Task to complete:
The output is the lines below from the one with "Outdoor fire pit at sunset by the ocean." through the one with "2 Beds 2 Baths", both included, printed exactly and with no other line.

Listed entries:
--- START ---
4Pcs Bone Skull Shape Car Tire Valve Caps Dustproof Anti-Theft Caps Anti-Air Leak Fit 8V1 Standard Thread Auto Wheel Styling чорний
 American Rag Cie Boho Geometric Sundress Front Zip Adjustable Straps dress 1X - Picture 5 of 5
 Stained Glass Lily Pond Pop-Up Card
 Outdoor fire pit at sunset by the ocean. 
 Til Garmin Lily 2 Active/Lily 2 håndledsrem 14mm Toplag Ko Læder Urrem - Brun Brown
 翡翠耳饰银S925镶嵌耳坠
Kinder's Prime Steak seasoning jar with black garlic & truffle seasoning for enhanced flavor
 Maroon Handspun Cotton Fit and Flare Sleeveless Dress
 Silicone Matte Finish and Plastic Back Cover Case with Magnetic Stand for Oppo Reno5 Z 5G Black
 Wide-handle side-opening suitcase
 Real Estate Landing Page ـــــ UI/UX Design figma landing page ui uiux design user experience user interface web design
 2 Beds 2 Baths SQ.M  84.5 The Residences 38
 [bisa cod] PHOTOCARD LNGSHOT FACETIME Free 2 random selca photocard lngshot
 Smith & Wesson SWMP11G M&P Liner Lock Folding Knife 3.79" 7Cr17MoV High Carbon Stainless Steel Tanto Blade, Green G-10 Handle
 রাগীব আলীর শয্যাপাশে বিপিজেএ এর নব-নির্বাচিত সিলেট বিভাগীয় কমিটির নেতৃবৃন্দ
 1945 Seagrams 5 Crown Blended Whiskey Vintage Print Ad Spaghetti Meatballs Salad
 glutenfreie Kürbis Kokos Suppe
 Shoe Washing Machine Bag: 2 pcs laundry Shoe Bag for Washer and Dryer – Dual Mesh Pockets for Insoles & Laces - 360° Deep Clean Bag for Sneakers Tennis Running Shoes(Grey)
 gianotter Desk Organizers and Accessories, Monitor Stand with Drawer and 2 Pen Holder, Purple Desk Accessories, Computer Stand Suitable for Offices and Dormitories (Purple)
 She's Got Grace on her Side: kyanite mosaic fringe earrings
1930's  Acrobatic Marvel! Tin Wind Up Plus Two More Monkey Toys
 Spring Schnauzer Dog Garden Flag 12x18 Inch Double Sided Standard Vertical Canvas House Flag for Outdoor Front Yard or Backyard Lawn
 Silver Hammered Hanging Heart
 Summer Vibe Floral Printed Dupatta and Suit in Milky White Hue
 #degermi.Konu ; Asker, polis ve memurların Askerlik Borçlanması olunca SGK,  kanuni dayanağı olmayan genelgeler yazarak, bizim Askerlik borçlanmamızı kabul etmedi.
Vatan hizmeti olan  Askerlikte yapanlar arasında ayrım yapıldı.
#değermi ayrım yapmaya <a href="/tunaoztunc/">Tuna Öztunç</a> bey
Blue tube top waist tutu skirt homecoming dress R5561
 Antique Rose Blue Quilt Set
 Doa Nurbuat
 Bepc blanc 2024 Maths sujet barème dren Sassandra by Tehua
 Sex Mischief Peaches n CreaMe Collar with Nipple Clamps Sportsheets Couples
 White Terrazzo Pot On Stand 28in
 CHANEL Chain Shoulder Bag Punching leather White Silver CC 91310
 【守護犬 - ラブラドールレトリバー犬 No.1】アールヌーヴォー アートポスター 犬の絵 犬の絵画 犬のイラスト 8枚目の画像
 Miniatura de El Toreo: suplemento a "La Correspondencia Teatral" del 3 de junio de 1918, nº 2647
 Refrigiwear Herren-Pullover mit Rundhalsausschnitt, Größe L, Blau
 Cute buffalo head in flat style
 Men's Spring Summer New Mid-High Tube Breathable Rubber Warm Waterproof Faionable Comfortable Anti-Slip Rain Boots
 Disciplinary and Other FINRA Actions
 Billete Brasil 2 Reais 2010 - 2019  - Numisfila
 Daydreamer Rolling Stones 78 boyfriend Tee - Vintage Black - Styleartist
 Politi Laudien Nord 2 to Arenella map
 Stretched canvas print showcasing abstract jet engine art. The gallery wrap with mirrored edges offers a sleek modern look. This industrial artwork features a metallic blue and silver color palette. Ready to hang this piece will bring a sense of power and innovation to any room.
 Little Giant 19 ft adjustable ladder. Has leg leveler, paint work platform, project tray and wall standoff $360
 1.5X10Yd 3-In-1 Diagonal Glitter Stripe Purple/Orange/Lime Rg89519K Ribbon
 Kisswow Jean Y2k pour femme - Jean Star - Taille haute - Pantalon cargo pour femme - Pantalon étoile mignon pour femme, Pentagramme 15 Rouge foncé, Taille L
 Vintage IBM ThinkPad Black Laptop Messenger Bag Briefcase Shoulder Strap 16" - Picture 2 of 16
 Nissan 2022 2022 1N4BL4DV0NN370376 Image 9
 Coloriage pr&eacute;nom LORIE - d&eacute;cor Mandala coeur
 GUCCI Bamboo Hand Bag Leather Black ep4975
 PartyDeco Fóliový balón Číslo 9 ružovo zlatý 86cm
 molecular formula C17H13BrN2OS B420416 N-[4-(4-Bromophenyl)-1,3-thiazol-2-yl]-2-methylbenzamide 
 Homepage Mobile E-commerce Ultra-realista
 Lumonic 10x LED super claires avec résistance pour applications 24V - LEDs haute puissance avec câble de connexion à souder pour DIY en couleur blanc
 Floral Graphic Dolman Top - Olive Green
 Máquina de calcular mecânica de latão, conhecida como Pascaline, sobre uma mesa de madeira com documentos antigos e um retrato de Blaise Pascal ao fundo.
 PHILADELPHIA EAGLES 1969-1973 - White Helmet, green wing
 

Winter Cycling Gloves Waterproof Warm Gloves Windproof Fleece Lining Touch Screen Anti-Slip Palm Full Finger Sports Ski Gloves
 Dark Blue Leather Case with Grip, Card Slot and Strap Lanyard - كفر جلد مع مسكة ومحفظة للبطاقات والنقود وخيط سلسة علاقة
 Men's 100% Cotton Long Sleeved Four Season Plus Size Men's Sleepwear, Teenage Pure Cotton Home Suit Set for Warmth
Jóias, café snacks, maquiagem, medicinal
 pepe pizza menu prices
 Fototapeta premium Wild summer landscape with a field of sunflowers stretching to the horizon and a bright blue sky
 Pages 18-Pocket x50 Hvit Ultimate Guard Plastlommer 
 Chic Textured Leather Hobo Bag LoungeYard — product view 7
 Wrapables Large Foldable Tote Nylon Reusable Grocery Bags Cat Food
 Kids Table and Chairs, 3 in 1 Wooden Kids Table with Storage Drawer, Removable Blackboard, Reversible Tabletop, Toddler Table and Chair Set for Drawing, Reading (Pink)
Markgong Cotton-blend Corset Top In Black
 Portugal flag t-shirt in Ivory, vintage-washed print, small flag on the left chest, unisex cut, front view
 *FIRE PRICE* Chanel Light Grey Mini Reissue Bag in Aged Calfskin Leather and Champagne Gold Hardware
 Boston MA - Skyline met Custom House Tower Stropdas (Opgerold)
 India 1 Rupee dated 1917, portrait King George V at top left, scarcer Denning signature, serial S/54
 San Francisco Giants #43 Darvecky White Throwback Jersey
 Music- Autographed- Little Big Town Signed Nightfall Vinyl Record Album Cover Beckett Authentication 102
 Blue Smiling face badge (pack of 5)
--- END ---
Completed exercise:
 Outdoor fire pit at sunset by the ocean. 
 Til Garmin Lily 2 Active/Lily 2 håndledsrem 14mm Toplag Ko Læder Urrem - Brun Brown
 翡翠耳饰银S925镶嵌耳坠
Kinder's Prime Steak seasoning jar with black garlic & truffle seasoning for enhanced flavor
 Maroon Handspun Cotton Fit and Flare Sleeveless Dress
 Silicone Matte Finish and Plastic Back Cover Case with Magnetic Stand for Oppo Reno5 Z 5G Black
 Wide-handle side-opening suitcase
 Real Estate Landing Page ـــــ UI/UX Design figma landing page ui uiux design user experience user interface web design
 2 Beds 2 Baths SQ.M  84.5 The Residences 38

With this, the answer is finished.